On the pro side, the shoe held up perfectly on the court once I got past the initial issues of the first two wearings, having held up to everything I’ve thrown at it in terms of its stability, responsiveness and performance. I play on a court that seems ridiculously dusty some days but didn’t have any slippage or traction issues. Standard to a Steve Nash shoe, the Trash Talk MVP is a mid-cut on the lower side. It’s higher than the Kobe IV around the ankles, but could still leave the ankle-injury-obsessed stressed.
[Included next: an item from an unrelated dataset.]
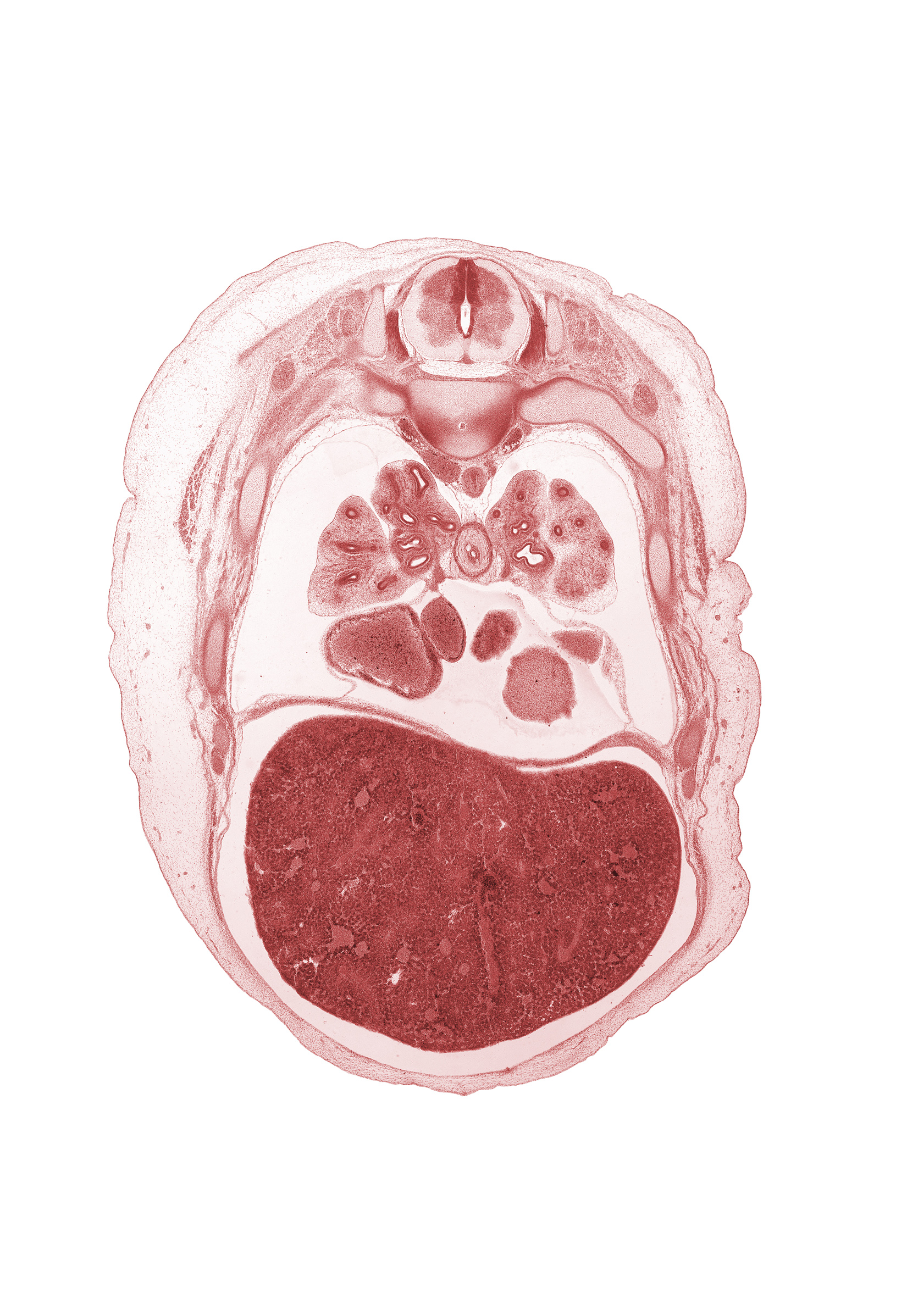 T-5 spinal ganglion, anterior basal segmental bronchus, caudal edge of left atrium, inferior vena cava, lateral basal segmental bronchus, left lobe of liver, left ventricle, lower lobe of left lung, lower lobe of right lung, medial basal segmental bronchus, middle lobe of right lung, oblique fissure, posterior basal segmental bronchus, rib 6, rib 7, right atrium, right lobe of liver, upper lobe of left lung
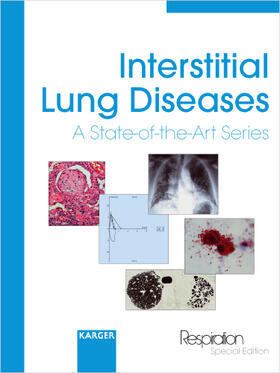 Interstitial Lung Diseases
It’s strange to say this, but the biggest draw of this shoe is its cultural timeliness. Performance-wise, the shoe isn’t loaded with the bells and whistles that Nike puts into its other signature joints. While there’s nothing really wrong with the Trash Talk MVP, it’s not going to overwhelm you in terms of what it does on the court, once you get past those break-in issues. The notion behind the shoe is a good one: We should all be trying to find ways to do what we do by using less. It’s a concept that Nash might find himself putting into practice on the court if Shaq and/or Amar’e Stoudemire are gone from Phoenix when training camp rolls around in October.
If nothing else, the shoe has opened up windows for announcers like Mark Jackson to say things like, “Steve Nash may wear garbage on his feet, but there’s nothing that’s trash about his game.” And I’m all for that.
Nash’s Trash Talk MVP is available in limited quantities at the House of Hoops in New York, LA and Chicago for $92.